Presenting these 2 books of similar genre but different authors motivates the customer to explore new books. This is beneficial for both the customer and for the bookstore.
We want to help Barnes and Noble’s customers find great books that will inspire them, make them laugh, make them cry, and invoke their curiosity. Books that will make them a book-lover and continue to go to BN’s website to discover new books. To do this, we will:
- analyze reader behavior and preferences using EDA and clustering
- develop a machine learning algorithm that predicts the reader satisfaction rate for books
- create a recommendation engine algorithm to select the top matches for their needs
- design a customer friendly interface that can be used by Bookstore specialists and customers
Languages, Tools, Platforms
- Languages: R, Python
- Platform: Spark, Data Science Studio, GraphLab
- API: Google , GoodReads
II. Dataset and Pipeline
We sourced book ratings data from the University of Freiburg’s Department of Computer Science, which scraped data from the Book-Crossing website with the permission of the website owner in 2004. The dataset contained 278,858 users (anonymized but with demographic information) providing 1,149,780 ratings (explicit / implicit) for 271,379 books.

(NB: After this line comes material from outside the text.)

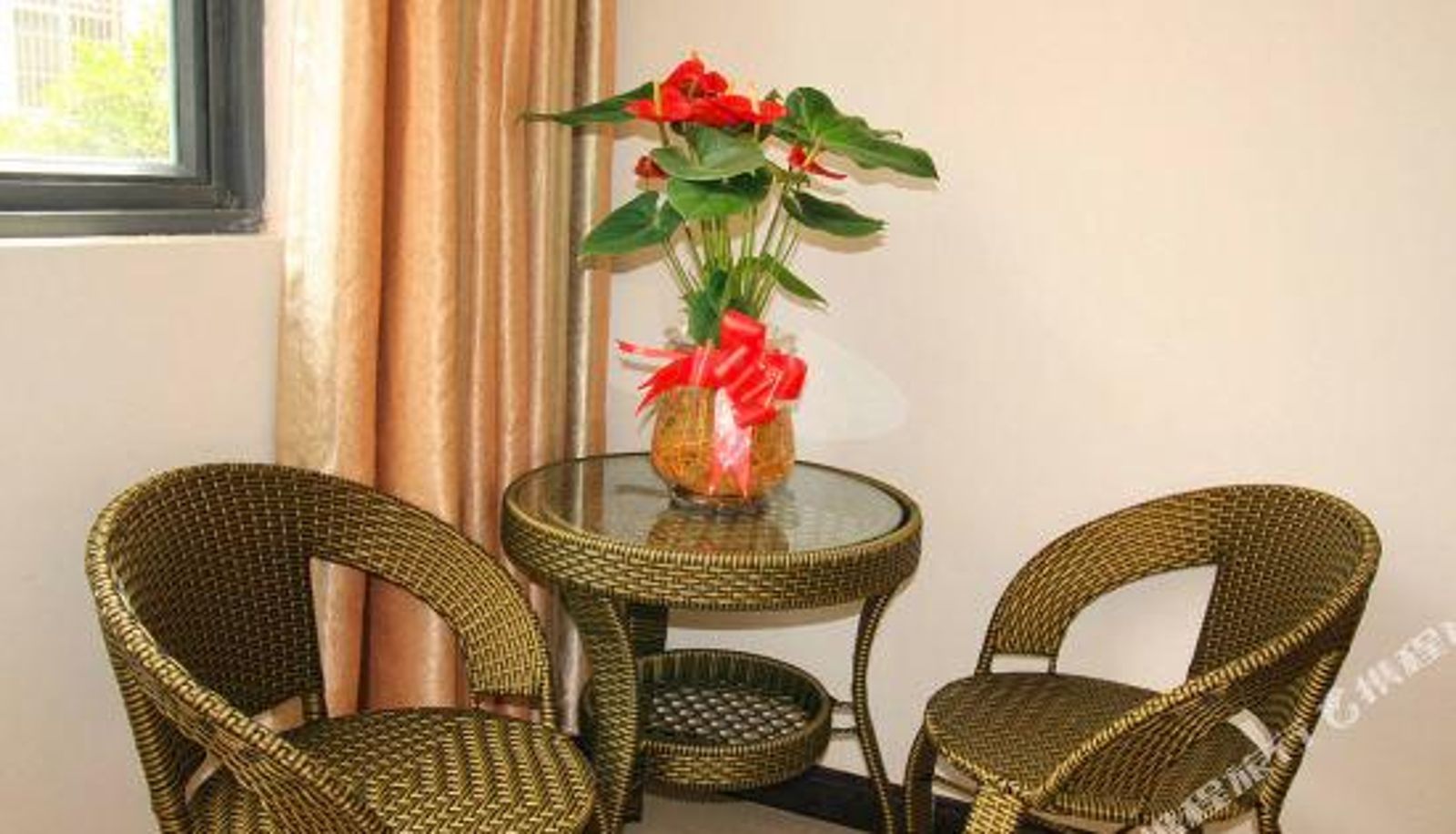 Habitación - Zhantun Hotel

Similar to real business scenarios, our dataset had missing information and formatting issues. Upon inspection, we saw that we had to deal with the following challenges:
- formatting issues such as misspelled City, State, and Country information
- Book title issues especially for non-English titles
- Missing user data such as age and location (City, State, and Country)
- Read but unrated books exceeding read and rated books
- Unreal user age exceeding 100 years old all the way to 250 years old
Our approach was to pre-process the data carefully ensuring that we preserve the original data structure as much as possible to avoid inducing bias. The appendix below details this process.
Apart from this dataset, the team gathered information from Google Books API and Goodreads API to gather the following features:
- Book Genre
- Page Count
III. Reader Insights from Exploratory Data Analysis
Insight 1: Global Readers Are Using Social Media To Feed their Love for Books
To have a quick understanding of the reader demographics, we created a geographical map to plot their location. Book-Crossing has users from all over the world with majority of the readers coming from United States. There were also readers from the African continent namely from Egypt, South Africa, and Nigeria.
Insight2: The Young and Dissatisfied, the 30s and Happy
It is interesting to note that on average most of the low ratings came from Book-crossing users between the ages of 16-18. On the other hand, most readers in their 30s rated their books higher on average.
It would be interesting to find out what drove these younger readers to rate books lower. That will be in another post.
Insight3: Readers Seem Happier to Escape Reality
Fiction represented by green points seemed to be the most read genre by book-crossing members. This needs to be taken with a grain of salt as it seems like there is sparsity of other types of books that are non-fiction.
Insight 4: Short Stories versus Long Stories Ratings
It appears that it is more common for shorter books with less than 250 pages to be rated low. The same pattern seems to be visible for books with 750 pages and above. After further research, we found out that "one reason it's harder for a new author to sell a 140,000 word manuscript is the size of the book. A 500+ page book is going to take up the space of almost two, 300 page books on the shelves. It's also going to cost more for the publishers to produce, so unless the author is well known, the book stores aren't going to stock that many copies of the 'door-stopper' novel as compared to the thinner novel."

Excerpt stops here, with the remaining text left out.